──────── GIVEN RECORDS

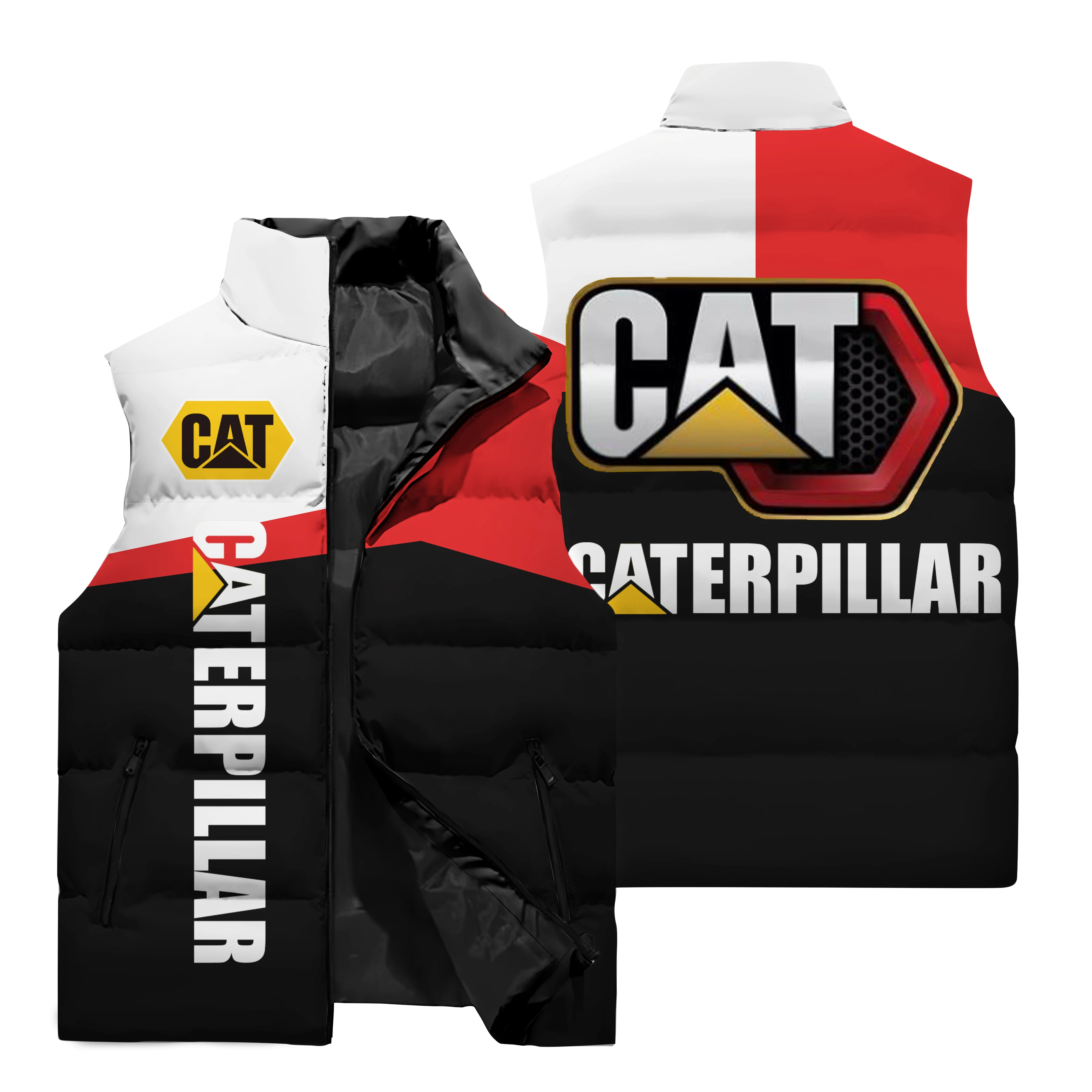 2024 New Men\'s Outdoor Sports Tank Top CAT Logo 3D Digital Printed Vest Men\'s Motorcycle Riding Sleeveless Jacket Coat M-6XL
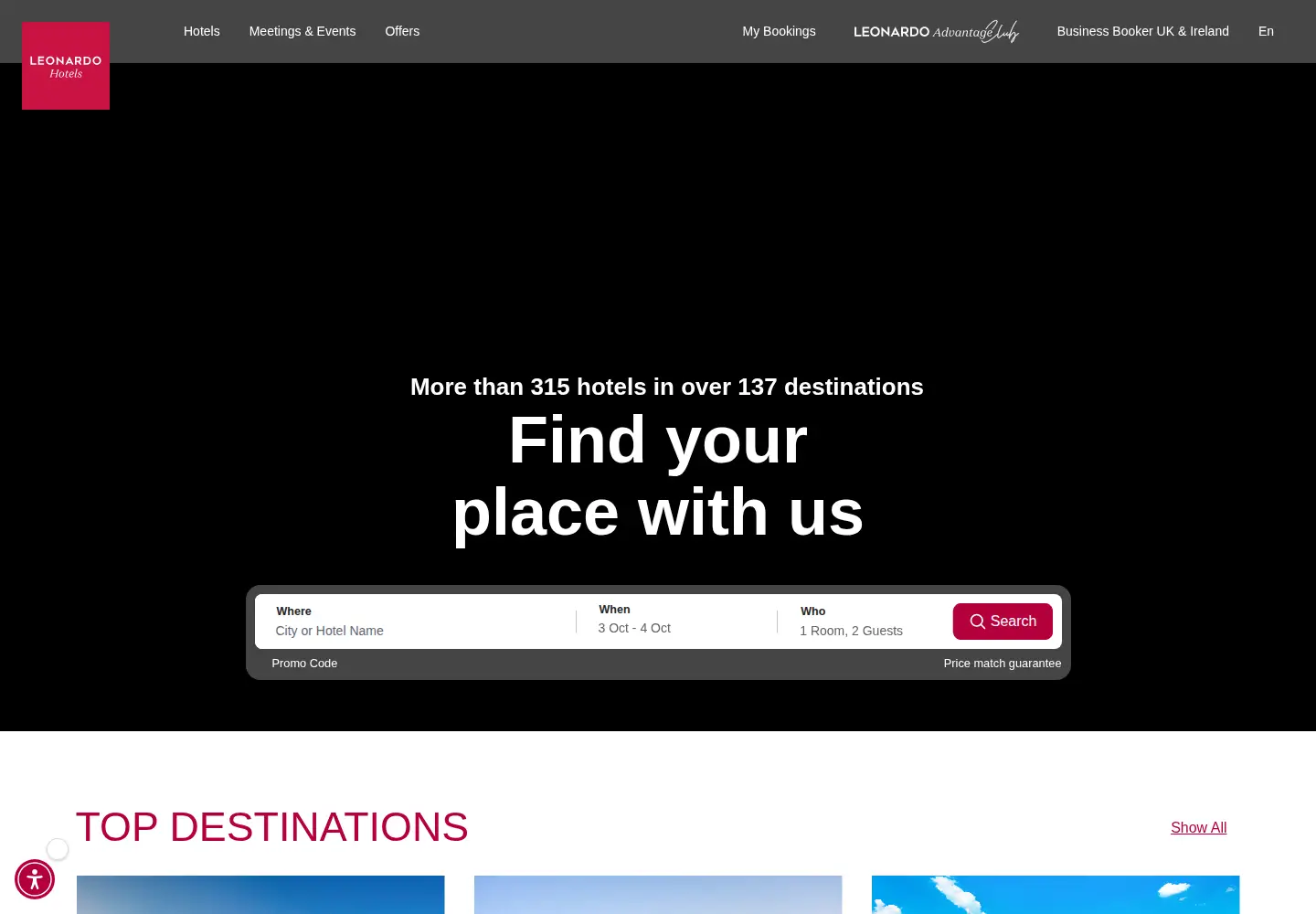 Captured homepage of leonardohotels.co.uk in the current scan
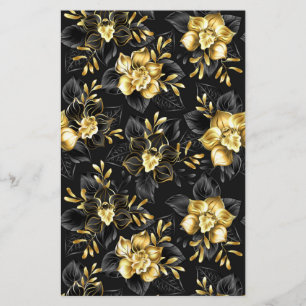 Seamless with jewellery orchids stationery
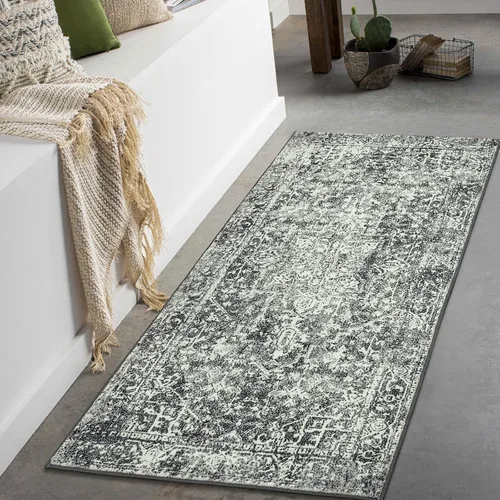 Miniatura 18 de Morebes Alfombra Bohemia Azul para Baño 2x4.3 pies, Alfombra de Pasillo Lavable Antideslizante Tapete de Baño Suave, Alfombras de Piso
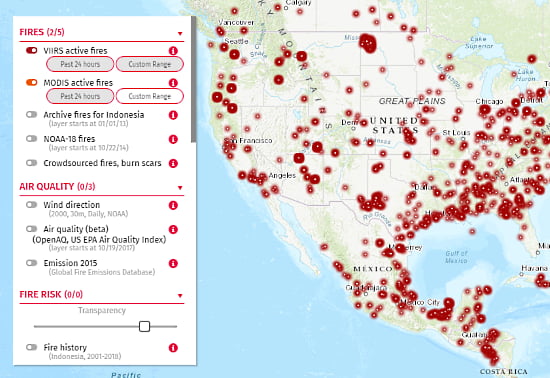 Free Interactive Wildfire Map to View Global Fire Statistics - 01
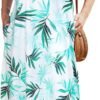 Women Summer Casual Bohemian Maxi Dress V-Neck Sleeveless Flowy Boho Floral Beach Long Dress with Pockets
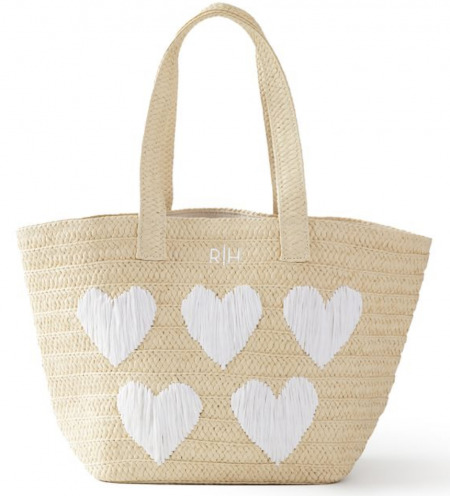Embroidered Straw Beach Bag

────────────────
──────── GIVEN RECORDS

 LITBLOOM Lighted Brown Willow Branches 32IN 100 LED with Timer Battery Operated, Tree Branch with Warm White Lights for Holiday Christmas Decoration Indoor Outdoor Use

────────────────

Reproduce the data above exactly, but only from the line containing "Captured homepage of" through the line containing "Embroidered Straw Beach Bag". Omit all pictures.

 Captured homepage of leonardohotels.co.uk in the current scan
 Seamless with jewellery orchids stationery
 Miniatura 18 de Morebes Alfombra Bohemia Azul para Baño 2x4.3 pies, Alfombra de Pasillo Lavable Antideslizante Tapete de Baño Suave, Alfombras de Piso
 Free Interactive Wildfire Map to View Global Fire Statistics - 01
 Women Summer Casual Bohemian Maxi Dress V-Neck Sleeveless Flowy Boho Floral Beach Long Dress with Pockets
Embroidered Straw Beach Bag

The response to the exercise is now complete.